Orienteering is an activity that requires navigational skills– usually a map and compass– to navigate from one point to another across unfamiliar terrain. On our college campus, just like most campuses across the nation, we offer several days of “Orientation” to give our incoming students and their parents a map and compass for what lies ahead.
When new students arrive on campus, many of them bring a strong sense of where they are coming from. This is important, because their identity is wrapped up in place and people. It’s part of what makes them distinctive, and it’s part of the gift they will add to our campus community. It is important to know where you’ve been.
It’s also important to know where you’re going. That’s why we spend hours– even days –acquainting students with the campus, it’s building, its services, it’s people. Our hope is that they will soon feel at home here, but we know that takes effort. The fact is, this isn’t home – at least not yet. There are people here from a variety of backgrounds, points of view, family situations, regions of the country and the world, religions, sexual identities, political backgrounds, and orientations toward life. And they are all here to journey toward an education, toward preparation for life, toward wisdom and a sense of what is just, an understanding of what is right and what is good and how they can contribute toward these ideals. They are here to continue to shape themselves into the people they wish to be. College is a four-year, intensive engagement in that shaping. They will go to places they’ve never been, and journey down roads they have never traveled. They need maps.
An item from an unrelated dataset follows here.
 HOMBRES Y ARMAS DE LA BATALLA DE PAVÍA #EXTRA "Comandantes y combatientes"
They also need guides. I’m reminded of the tourists who came to the mountains to do some hiking. They brought with them their maps and some other impressive gear. They met up with a local and quickly got into a conversation about where they were going. When the local heard, he said, “Well, I’ll meet you here tomorrow and go with you.”
“No,” they insisted. “That’s not necessary. We have everything we need.”
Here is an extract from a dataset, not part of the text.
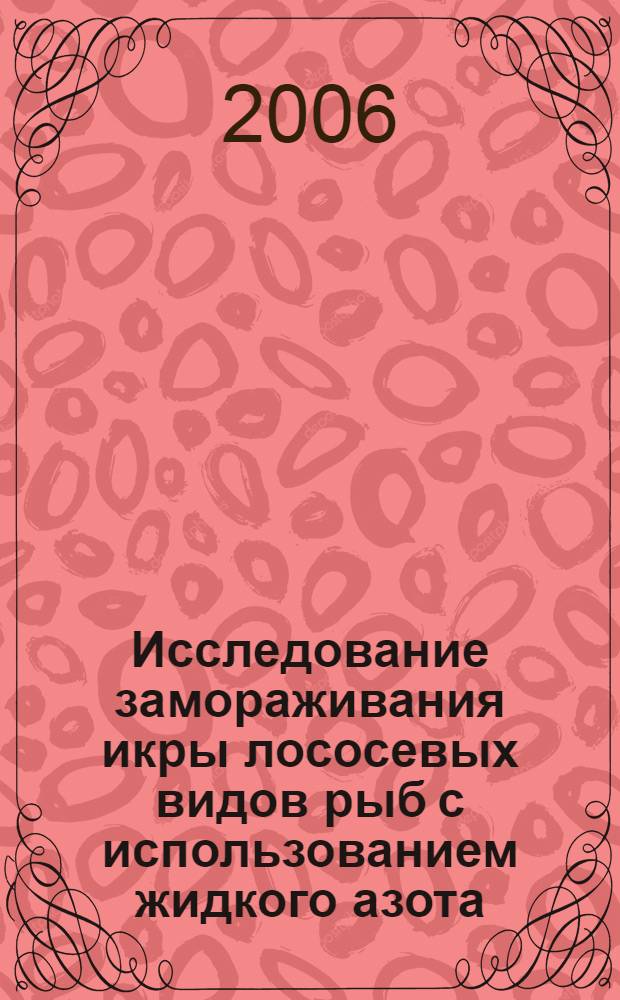 Исследование замораживания икры лососевых видов рыб с использованием жидкого азота : автореф. дис. на соиск. учен. степ. канд. тех. наук : специальность 05.18.04 <технология мясных, молочных, рыбных продуктов>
“Are you sure?” asked the mountaineer.
“Yep. We’ve got maps showing just where we plan to go.”
“I’ll be here in the morning,” said the mountaineer.
“No thank you. We have the map.” they replied.
“Hmm…” mumbled the mountaineer. “Does that map have fog on it? I’ve been there many times before. I can help you through the fog.”
Students experience fog when they are at college. That’s why they are provided not only maps, but guides as well. Guides are faculty and staff, residence hall advisors and teammates, chaplains and counselors and coaches. These people offer companionship through the fog, and then send the students on their way when the visibility is clearer. Colleges are in the business of orienteering.